Last year the Friant Water Authority discovered that land had fallen by as much as two feet along the canal near Corcoran. That subsidence means only 40 percent of the water that some farmers have contracted for can actually be delivered. Money from Proposition 3 will allow the authority to repair subsidence damage and restore the canal's gravity flow so deliveries can be made as designed. If the canal is not fixed? Farmers will fallow more acreage, meaning less production, reduced hiring and fewer purchases in communities whose economies depend on agriculture.

Friant water is used by 17,000 growers in Fresno, Tulare and Kern counties, which are among the top areas in the nation for agricultural production. In 2015, crops grown in those three counties were worth $19.7 billion; growers taking water from the canal account for $10 billion of that.

Another $750 million would be devoted to safe drinking water and wastewater treatment programs for small towns whose residents are mostly low income. While the funding would be allocated statewide, the Valley is home to a number of communities that cannot deliver drinking water that meets state standards. A McClatchy investigation this year found that about 360,000 Californians are customers of water systems that violate state standards for nitrates, arsenic and other contaminants.

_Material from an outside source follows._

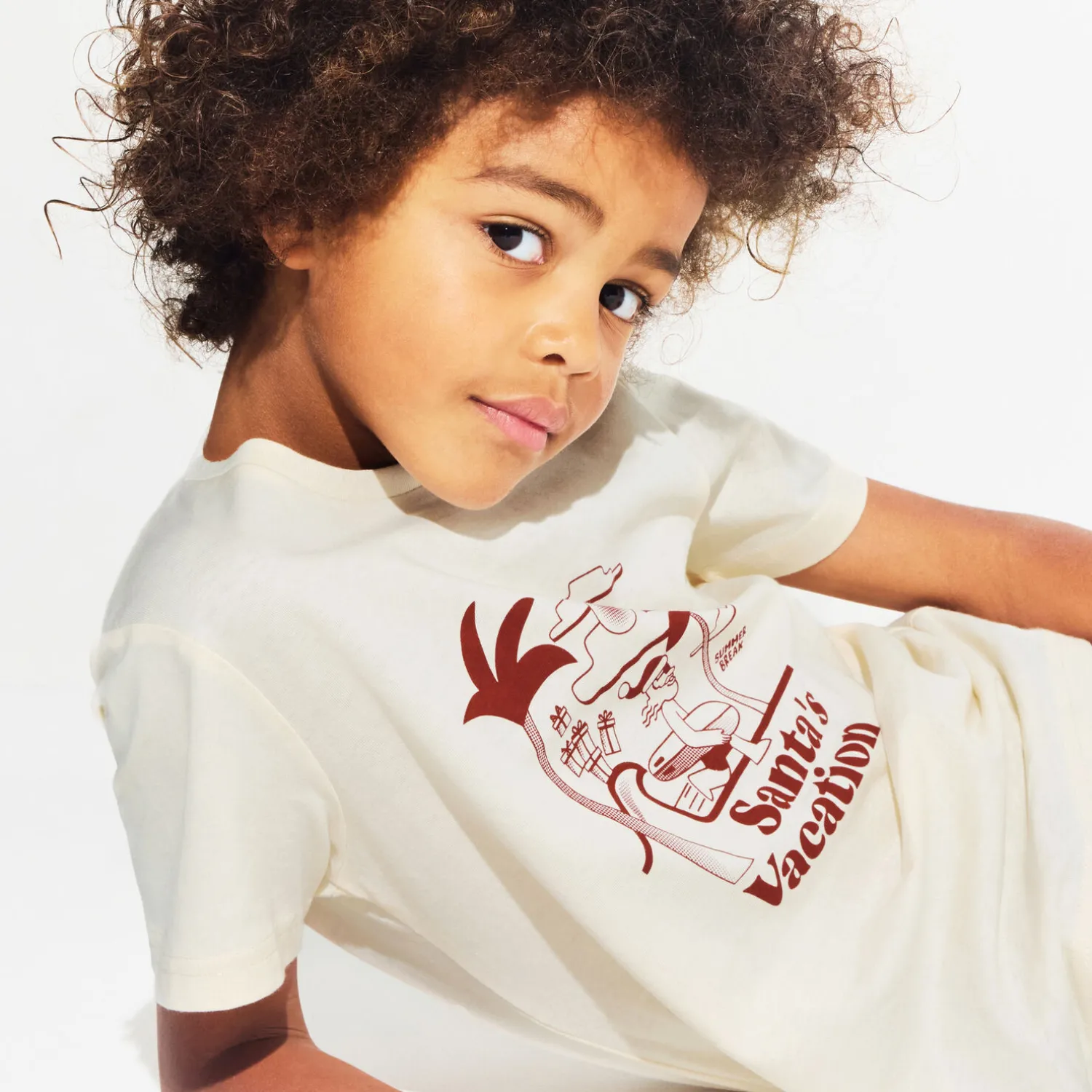 Jules Tee shirt Noël enfant- T-shirt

About $50 million would go to the Sierra Nevada Conservancy to clear out dead trees and brush and rehabilitate forest land where wildfires had burned. Another $200 million would be used by the conservancy for projects to restore watersheds. That is key to the Valley because the Sierra functions as the region's main watershed.

The bond would allocate $640 million toward helping local water agencies implement plans to meet the Sustainable Groundwater Management Act. That state law requires underground aquifers to be in balance between pumping and recharge. Communities where underground basins are badly overdrafted, have water quality problems, or where subsidence is happening would get priority for funding. Many communities with overdrafts are located in the Valley.

There is opposition to the proposition. The Sierra Club believes money raised by the bond could be used to build new dams, something it has long opposed.

The Oakland-based environmental group also dislikes the allocation to fix the Friant-Kern Canal, saying a statewide bond measure should not be used to benefit users of a federal water system. The club points out that funding would be continuous for decades to come (and would ultimately cost $17 billion once interest is factored in), that legislators were not involved in drafting the proposition, and that the public does not have enough oversight going forward.

But Meral says no money is set aside for dam construction, and the Friant-Kern Canal needs repairs with or without a new dam on the San Joaquin. As for oversight, the proposition requires the state's Natural Resources Agency to get an independent audit of spending every three years, and every six months regular updates would be posted on the agency's website to let the public know how the projects are proceeding.

Whiskey may be for drinking and water for fighting over, as Mark Twain is famously reputed to have said. Certainly there is no more complicated topic in California than water. Prudent voters should take time to study the proposition.

The Bee strongly recommends approval because of how Proposition 3 would directly benefit the Valley. Fixing the Friant-Kern Canal, improving Sierra watersheds and getting clean water to Valley communities in a broad sweep, as this measure would do, is a once-in-a-lifetime chance.